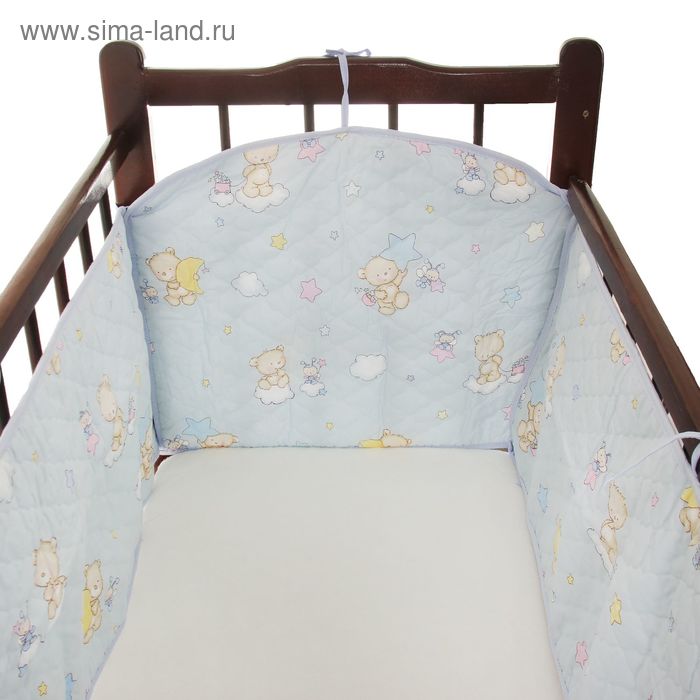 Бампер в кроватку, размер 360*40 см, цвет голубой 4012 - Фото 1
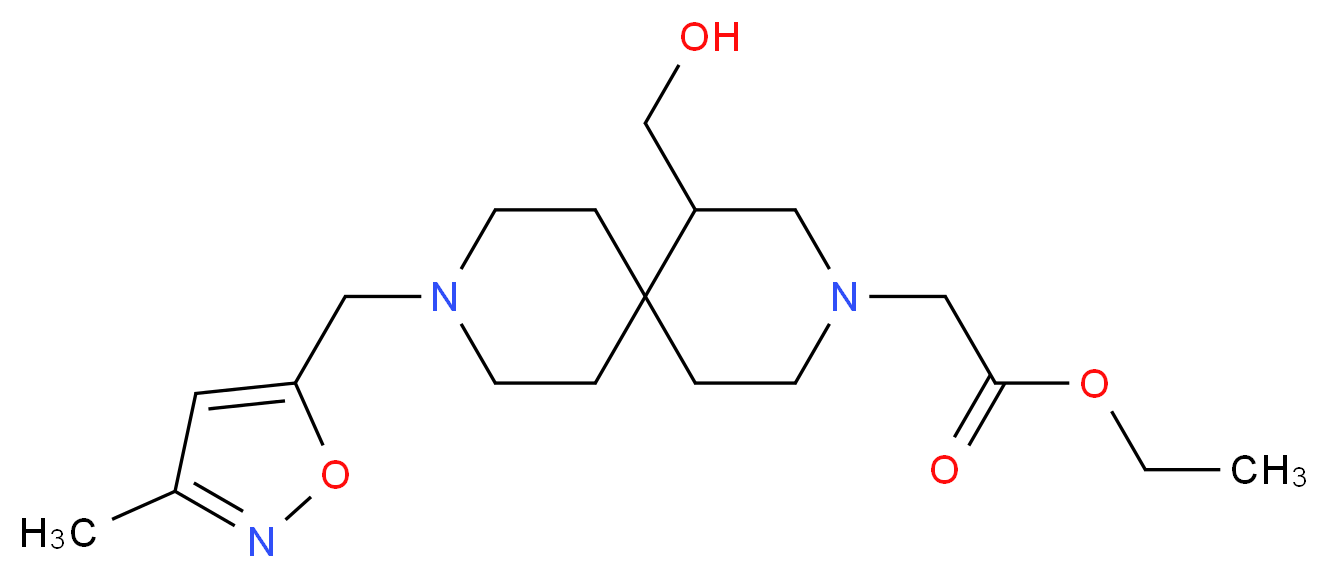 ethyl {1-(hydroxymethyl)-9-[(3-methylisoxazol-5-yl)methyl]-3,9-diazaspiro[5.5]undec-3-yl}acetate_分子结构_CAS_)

——

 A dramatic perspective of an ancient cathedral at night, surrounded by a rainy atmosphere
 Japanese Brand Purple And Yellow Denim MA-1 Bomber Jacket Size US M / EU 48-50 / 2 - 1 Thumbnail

——

What is required: Within the listing above, give again exactly every line from the line with "A dramatic perspective" through the line with "Japanese Brand Purple", both included, and no other line.

Problem solution:
 A dramatic perspective of an ancient cathedral at night, surrounded by a rainy atmosphere
 Japanese Brand Purple And Yellow Denim MA-1 Bomber Jacket Size US M / EU 48-50 / 2 - 1 Thumbnail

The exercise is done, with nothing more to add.